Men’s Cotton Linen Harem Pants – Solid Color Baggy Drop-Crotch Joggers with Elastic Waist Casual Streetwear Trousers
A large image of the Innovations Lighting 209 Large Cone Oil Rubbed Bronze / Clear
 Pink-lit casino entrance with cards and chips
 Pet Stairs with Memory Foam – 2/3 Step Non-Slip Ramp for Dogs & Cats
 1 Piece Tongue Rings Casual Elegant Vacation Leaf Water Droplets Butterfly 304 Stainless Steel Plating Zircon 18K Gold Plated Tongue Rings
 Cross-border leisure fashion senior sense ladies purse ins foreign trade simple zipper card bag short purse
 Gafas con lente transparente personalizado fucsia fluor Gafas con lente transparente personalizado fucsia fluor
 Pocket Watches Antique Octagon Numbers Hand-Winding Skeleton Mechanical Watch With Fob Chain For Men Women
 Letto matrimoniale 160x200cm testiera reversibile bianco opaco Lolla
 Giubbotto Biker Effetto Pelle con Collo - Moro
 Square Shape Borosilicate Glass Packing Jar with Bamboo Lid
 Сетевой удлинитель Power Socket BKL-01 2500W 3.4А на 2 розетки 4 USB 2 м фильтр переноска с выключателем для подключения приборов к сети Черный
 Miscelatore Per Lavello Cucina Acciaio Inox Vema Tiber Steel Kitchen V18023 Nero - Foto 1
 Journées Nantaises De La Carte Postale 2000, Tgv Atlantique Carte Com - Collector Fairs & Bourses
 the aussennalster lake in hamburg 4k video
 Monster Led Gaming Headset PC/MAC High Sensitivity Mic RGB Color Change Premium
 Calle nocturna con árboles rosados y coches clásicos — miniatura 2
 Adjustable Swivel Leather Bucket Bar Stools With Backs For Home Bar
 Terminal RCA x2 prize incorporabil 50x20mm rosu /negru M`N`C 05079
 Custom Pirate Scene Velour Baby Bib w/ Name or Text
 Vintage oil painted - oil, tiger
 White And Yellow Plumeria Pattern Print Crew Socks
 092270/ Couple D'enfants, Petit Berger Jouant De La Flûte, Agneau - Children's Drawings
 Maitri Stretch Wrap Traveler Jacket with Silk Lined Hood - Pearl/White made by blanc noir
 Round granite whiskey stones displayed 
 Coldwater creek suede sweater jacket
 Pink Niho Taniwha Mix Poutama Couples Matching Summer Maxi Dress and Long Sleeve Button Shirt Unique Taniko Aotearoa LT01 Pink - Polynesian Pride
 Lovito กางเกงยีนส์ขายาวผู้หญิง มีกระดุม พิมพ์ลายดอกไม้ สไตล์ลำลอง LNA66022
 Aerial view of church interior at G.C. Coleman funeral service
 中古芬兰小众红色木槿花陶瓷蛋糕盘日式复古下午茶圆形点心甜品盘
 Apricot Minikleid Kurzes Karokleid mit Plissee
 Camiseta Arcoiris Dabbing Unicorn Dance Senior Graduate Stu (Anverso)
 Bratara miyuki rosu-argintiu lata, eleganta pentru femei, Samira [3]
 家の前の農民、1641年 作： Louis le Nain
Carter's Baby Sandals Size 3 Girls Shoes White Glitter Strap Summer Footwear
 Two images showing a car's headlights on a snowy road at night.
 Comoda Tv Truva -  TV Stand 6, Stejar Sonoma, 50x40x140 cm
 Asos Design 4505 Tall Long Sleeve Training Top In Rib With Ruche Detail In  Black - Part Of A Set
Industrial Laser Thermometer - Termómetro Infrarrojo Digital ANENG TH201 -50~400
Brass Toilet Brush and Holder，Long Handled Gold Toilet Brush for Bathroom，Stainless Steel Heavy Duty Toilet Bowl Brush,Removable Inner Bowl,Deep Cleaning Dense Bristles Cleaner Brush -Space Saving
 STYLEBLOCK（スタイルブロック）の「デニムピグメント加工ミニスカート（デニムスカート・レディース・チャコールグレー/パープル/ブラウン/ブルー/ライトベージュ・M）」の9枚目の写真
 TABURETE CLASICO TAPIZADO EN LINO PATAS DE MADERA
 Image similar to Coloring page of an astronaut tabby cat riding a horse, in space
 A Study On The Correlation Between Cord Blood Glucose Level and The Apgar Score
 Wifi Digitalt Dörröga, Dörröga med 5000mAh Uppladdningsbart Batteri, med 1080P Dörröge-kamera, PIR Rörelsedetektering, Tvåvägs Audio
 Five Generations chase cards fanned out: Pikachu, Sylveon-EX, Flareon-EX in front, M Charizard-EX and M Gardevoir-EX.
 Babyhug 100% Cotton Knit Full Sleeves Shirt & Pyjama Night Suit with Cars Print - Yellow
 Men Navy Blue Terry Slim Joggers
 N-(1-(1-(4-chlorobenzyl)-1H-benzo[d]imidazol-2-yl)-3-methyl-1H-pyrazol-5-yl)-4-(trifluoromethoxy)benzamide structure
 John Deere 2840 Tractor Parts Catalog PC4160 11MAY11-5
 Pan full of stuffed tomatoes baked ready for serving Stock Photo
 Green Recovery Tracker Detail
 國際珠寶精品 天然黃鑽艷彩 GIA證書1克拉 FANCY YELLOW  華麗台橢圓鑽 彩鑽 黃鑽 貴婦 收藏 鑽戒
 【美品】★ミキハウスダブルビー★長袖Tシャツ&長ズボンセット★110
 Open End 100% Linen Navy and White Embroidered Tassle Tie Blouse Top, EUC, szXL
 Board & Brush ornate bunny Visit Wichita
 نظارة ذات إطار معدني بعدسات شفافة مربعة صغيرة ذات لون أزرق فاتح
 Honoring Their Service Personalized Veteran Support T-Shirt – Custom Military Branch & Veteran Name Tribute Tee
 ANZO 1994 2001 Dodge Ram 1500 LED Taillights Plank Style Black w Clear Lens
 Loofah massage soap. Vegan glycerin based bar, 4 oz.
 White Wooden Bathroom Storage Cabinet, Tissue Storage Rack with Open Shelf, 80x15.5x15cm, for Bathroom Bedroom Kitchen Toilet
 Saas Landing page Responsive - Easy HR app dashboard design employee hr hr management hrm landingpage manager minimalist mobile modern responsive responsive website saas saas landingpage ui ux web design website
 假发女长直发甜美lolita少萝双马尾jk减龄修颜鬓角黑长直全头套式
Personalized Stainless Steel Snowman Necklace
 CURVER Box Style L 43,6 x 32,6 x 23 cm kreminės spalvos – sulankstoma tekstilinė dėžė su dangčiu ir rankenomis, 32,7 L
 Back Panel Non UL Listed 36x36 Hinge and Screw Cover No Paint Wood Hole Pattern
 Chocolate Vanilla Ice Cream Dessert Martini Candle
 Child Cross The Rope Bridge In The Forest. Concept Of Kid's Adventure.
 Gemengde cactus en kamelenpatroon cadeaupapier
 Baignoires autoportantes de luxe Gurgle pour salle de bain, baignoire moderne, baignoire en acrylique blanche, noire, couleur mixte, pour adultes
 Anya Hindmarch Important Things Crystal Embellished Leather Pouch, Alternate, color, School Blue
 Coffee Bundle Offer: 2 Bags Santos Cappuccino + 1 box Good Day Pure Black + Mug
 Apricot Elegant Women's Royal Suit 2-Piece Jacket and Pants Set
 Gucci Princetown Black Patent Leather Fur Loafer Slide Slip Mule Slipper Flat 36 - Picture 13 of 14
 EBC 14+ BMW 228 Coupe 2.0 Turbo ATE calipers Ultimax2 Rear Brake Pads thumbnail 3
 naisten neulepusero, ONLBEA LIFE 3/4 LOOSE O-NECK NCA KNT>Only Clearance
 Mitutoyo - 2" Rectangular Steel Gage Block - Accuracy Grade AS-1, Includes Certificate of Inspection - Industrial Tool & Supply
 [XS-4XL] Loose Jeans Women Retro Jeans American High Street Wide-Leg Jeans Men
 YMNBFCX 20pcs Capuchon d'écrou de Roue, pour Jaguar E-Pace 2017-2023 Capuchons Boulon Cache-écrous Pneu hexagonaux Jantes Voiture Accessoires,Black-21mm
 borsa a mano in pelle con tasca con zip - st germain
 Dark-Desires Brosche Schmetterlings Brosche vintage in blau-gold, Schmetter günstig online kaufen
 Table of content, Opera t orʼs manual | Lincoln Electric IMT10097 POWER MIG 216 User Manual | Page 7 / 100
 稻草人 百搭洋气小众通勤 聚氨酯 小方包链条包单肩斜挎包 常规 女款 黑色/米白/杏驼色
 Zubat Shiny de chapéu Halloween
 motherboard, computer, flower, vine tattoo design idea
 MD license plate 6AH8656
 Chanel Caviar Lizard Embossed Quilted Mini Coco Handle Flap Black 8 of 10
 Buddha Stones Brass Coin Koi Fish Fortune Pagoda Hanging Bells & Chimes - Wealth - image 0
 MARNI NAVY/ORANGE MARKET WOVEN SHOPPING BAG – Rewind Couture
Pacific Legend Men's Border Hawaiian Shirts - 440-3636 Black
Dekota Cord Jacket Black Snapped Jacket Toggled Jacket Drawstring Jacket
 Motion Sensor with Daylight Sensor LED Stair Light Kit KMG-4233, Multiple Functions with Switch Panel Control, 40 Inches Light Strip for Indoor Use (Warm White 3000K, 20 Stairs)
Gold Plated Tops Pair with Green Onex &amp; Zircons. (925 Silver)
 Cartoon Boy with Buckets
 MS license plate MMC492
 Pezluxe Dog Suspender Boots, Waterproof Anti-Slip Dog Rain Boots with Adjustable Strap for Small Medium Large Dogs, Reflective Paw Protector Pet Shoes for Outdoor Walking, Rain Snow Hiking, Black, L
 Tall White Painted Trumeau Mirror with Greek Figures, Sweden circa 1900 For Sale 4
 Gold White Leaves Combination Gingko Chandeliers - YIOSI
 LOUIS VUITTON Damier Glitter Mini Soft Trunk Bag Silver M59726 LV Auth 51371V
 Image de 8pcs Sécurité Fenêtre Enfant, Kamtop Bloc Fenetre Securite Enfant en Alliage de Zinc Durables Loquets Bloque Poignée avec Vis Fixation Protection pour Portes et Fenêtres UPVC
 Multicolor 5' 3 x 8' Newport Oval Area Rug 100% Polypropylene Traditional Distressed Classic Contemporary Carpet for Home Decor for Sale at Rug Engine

________________________

▶ **YOUR ASSIGNMENT**
From the first line of the records to the line containing "Monster Led Gaming", inclusive, transcribe everything exactly and leave out the rest.

▶ **ANSWER FOR THIS EXERCISE**
Men’s Cotton Linen Harem Pants – Solid Color Baggy Drop-Crotch Joggers with Elastic Waist Casual Streetwear Trousers
A large image of the Innovations Lighting 209 Large Cone Oil Rubbed Bronze / Clear
 Pink-lit casino entrance with cards and chips
 Pet Stairs with Memory Foam – 2/3 Step Non-Slip Ramp for Dogs & Cats
 1 Piece Tongue Rings Casual Elegant Vacation Leaf Water Droplets Butterfly 304 Stainless Steel Plating Zircon 18K Gold Plated Tongue Rings
 Cross-border leisure fashion senior sense ladies purse ins foreign trade simple zipper card bag short purse
 Gafas con lente transparente personalizado fucsia fluor Gafas con lente transparente personalizado fucsia fluor
 Pocket Watches Antique Octagon Numbers Hand-Winding Skeleton Mechanical Watch With Fob Chain For Men Women
 Letto matrimoniale 160x200cm testiera reversibile bianco opaco Lolla
 Giubbotto Biker Effetto Pelle con Collo - Moro
 Square Shape Borosilicate Glass Packing Jar with Bamboo Lid
 Сетевой удлинитель Power Socket BKL-01 2500W 3.4А на 2 розетки 4 USB 2 м фильтр переноска с выключателем для подключения приборов к сети Черный
 Miscelatore Per Lavello Cucina Acciaio Inox Vema Tiber Steel Kitchen V18023 Nero - Foto 1
 Journées Nantaises De La Carte Postale 2000, Tgv Atlantique Carte Com - Collector Fairs & Bourses
 the aussennalster lake in hamburg 4k video
 Monster Led Gaming Headset PC/MAC High Sensitivity Mic RGB Color Change Premium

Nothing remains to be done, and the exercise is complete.